# WHAT THE TASK REQUIRES:
Only the lines from the one with "Buena Vista Casa" through the final line below belong in the answer, copied exactly and without pictures.

# RECORD EXCERPTS:
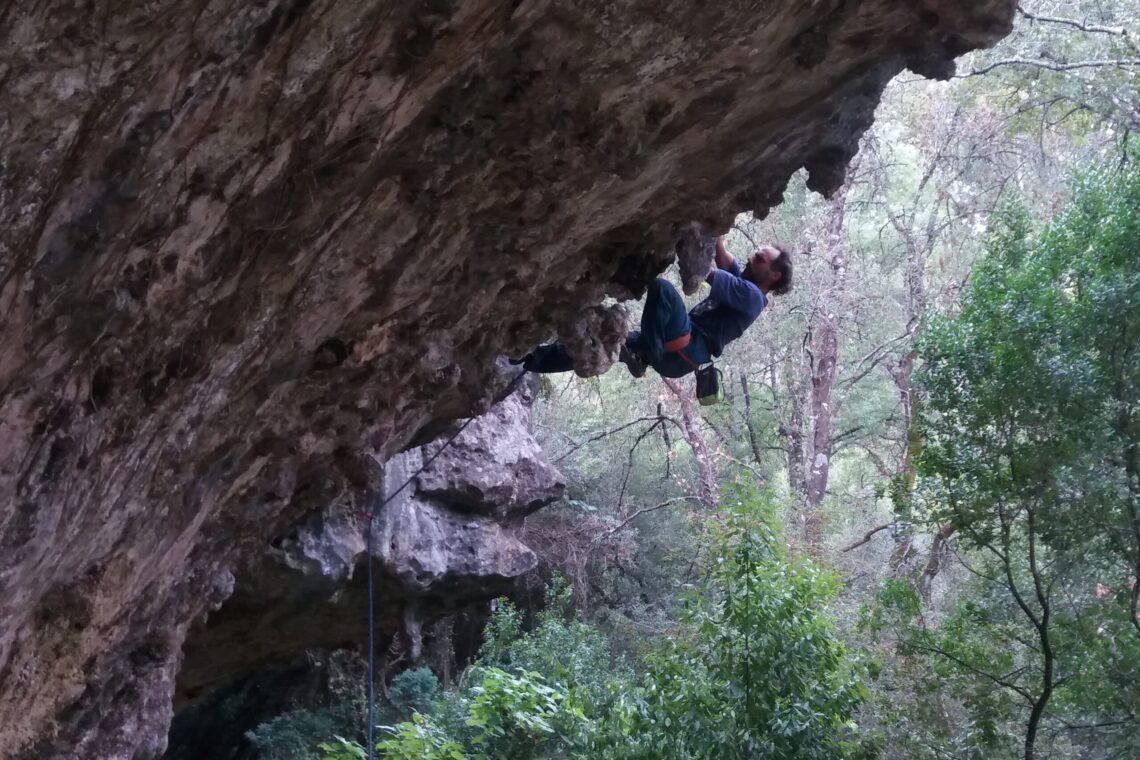 Festival de Escalada na “8.ª maravilha do mundo” conta com a garra dos elementos do NEL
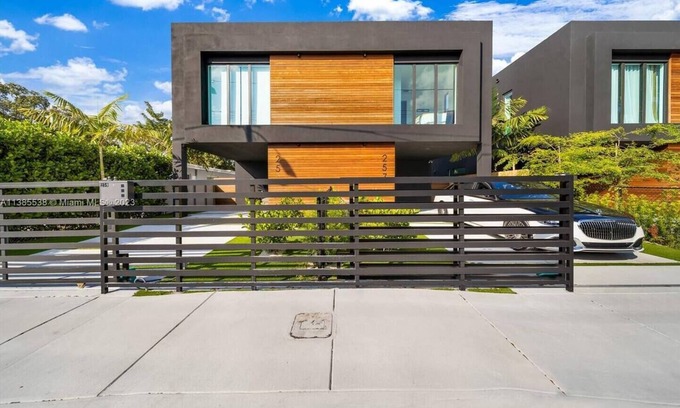 Buena Vista Casa | Wynwood/Design District TH w/heated Pool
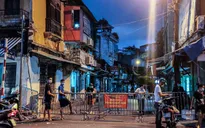 Sốt, mệt mỏi, 2 người bất ngờ dương tính, Hà Nội thêm 14 ca COVID-19 mới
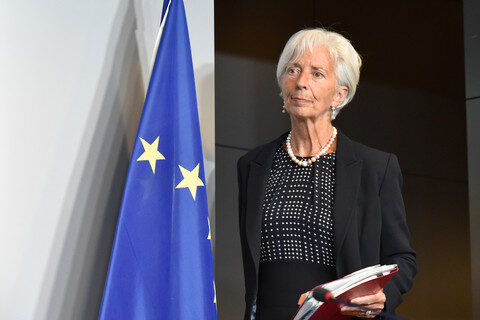 Die Abgeordneten Nachhaken Europäische Zentralbank-Chefin Lagarde Zu Steigenden Lobpreisen
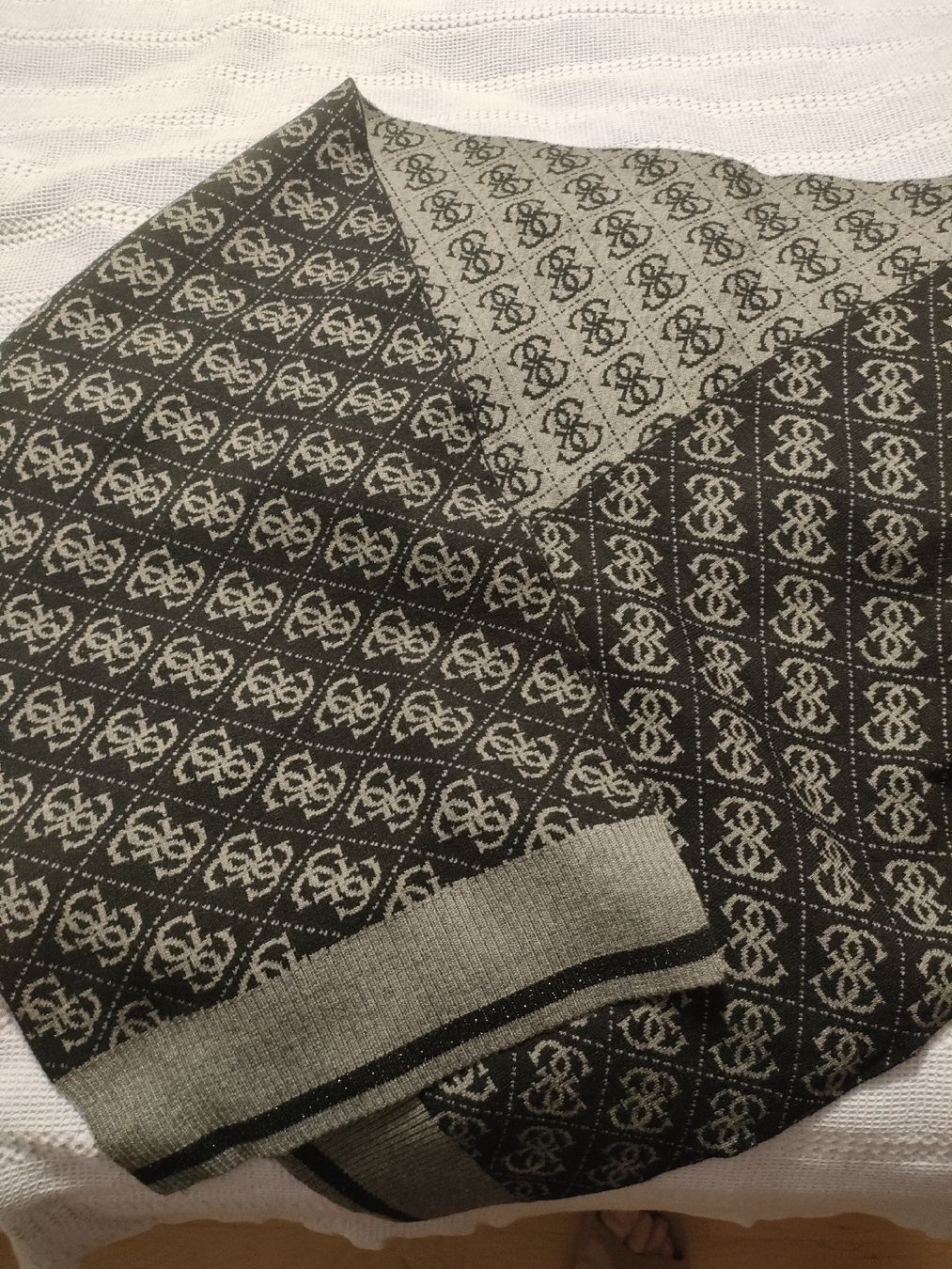 Guess Foulard & Sciarpe: Guess Schal – Usato da Brugg AG venduto da Mashaba 3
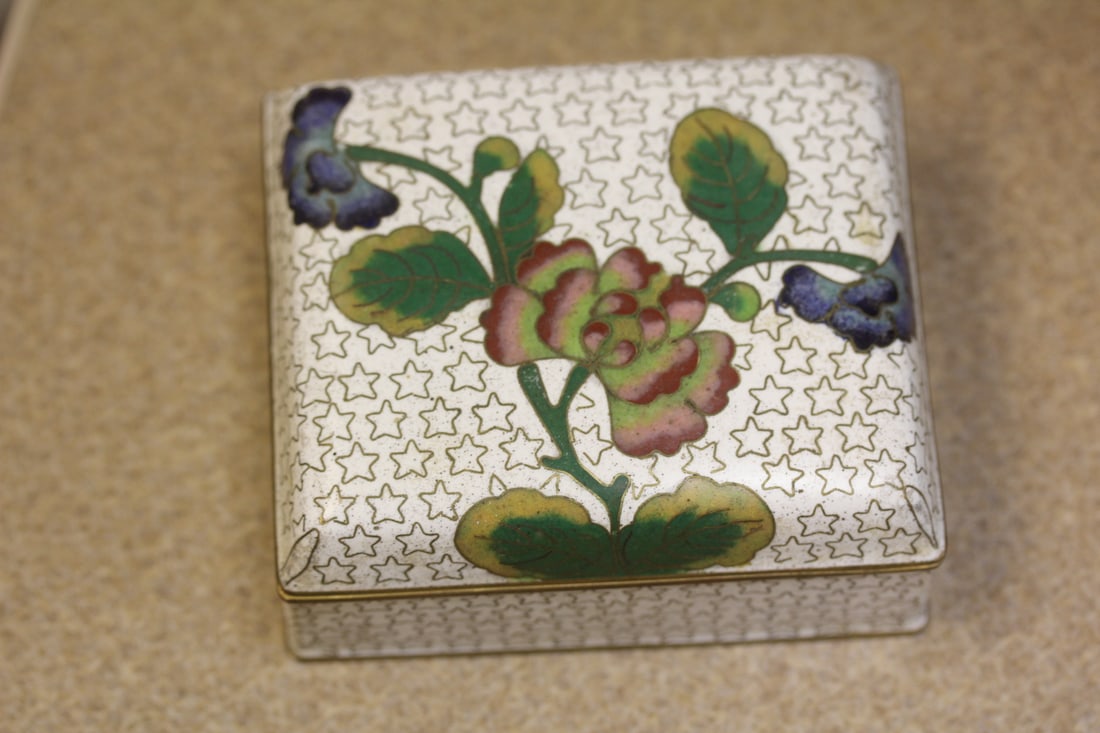 Vintage Chinese Cloisonne Box: 3 5/8" a cross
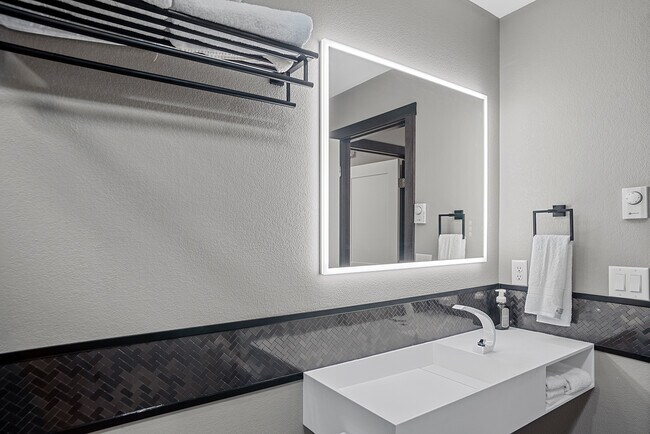 Building Photo - 5011 Charmwood Dr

# TASK RESULT:
 Buena Vista Casa | Wynwood/Design District TH w/heated Pool
 Sốt, mệt mỏi, 2 người bất ngờ dương tính, Hà Nội thêm 14 ca COVID-19 mới
 Die Abgeordneten Nachhaken Europäische Zentralbank-Chefin Lagarde Zu Steigenden Lobpreisen
 Guess Foulard & Sciarpe: Guess Schal – Usato da Brugg AG venduto da Mashaba 3
 Vintage Chinese Cloisonne Box: 3 5/8" a cross
 Building Photo - 5011 Charmwood Dr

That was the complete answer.